From your point of view, how has the proliferation of online book reviews affected the publishing world?
I think the past 3-4 years has seen a sea change in how publishers are addressing their market. Although galleys and review copies have been sent to reviewers for quite some time, until recently the perception was that only the big-name newspapers, with their subscription lists of over 100,000, got to read/review the hottest releases before the release date. But with the decline of newspaper coverage and the corresponding rise in online blogs, many of whom have an audience in the thousands, things have changed. Before, it was hit-or-miss with the newspaper coverage, since so many various types of readers (some of whom would roll their eyes at any mention of the words "fantasy" or "science fiction") might or might not read it. But with online SF/F-devoted websites and blogs, it is much easier for publishers to focus their resources and not have as much of a "miss."

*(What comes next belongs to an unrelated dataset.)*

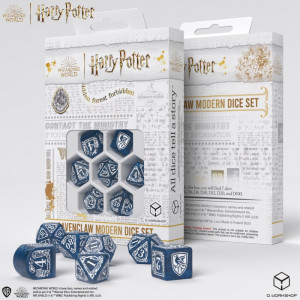 Harry Potter - Set de dés Modernes Serdaigle Bleu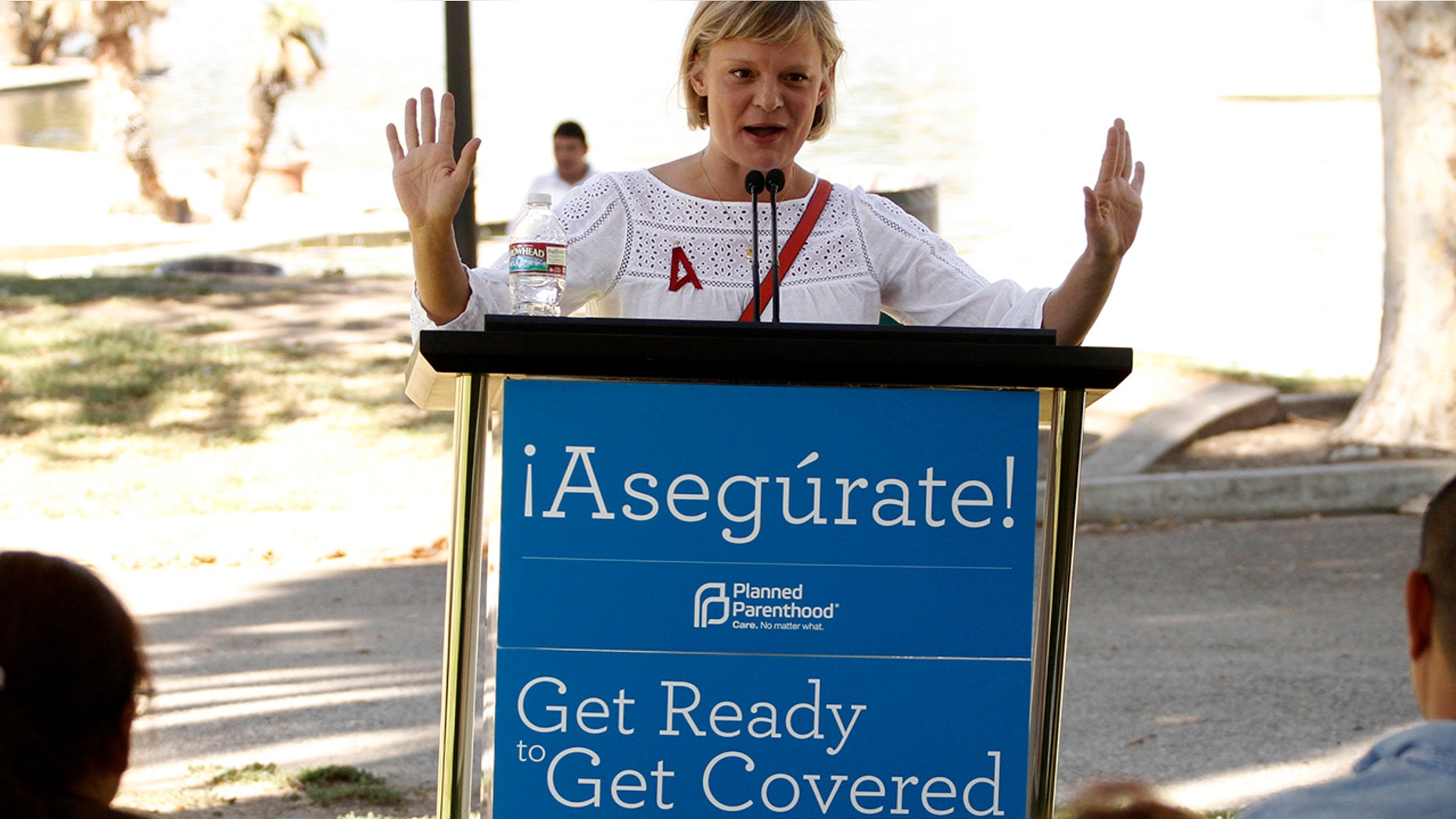 Actress Martha Plimpton speaks during an Affordable Care Act outreach event hosted by Planned Parenthood for the Latino community in Los Angeles, California September 28, 2013.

Publishers obviously have taken note of the rise in viewership in SF-related blogs such as Pat's Fantasy Hotlist. Before 2004, you just didn't see many dedicated online review sites and I believe readers were hungry for learning more about the "next big thing" and they wanted it spelled out in layman's terms with short reviews that focused more on plot summary and personal opinions than on a thematic exploration that was then the norm in professional reviews. So when certain blogs began to draw in a large, dedicated online audience, it was only natural that publishers would want for these bloggers to review their latest books. Add to that the promotional giveaways of galleys and signed books that were done in arrangement with particular bloggers and the publishers found a cheaper, more effective way to market their books to their intended audience.
Whether or not this recent "democratization" of the reviewing process will last, however, is uncertain. I have already started to hear some rumblings about how too many people are reviewing the same book at roughly the same time, with some being accused of being little better than the infamous Harriet Klausner in the quality and depth of their reviews. I would not be surprised to see in the next five years a consolidation of sorts, similar to what happened in the computer industry in the early 1980s in regards to operating systems, in regards to which blogs/review sites receive publisher attention. It all depends on how online reviewers evolve their approach to reviewing and if they can keep a large audience while offering something "different" from the other reviewers covering the same books. If there is a glut of reviewers for a particular genre, it may mean a sort of Darwinian fight in the near future to see which blogs are best qualified to receive review copies for particular books. The next five years will be full of growing pains for the fledgling online reviewer/publisher relationship and I do not know if we can predict well what will emerge after that span.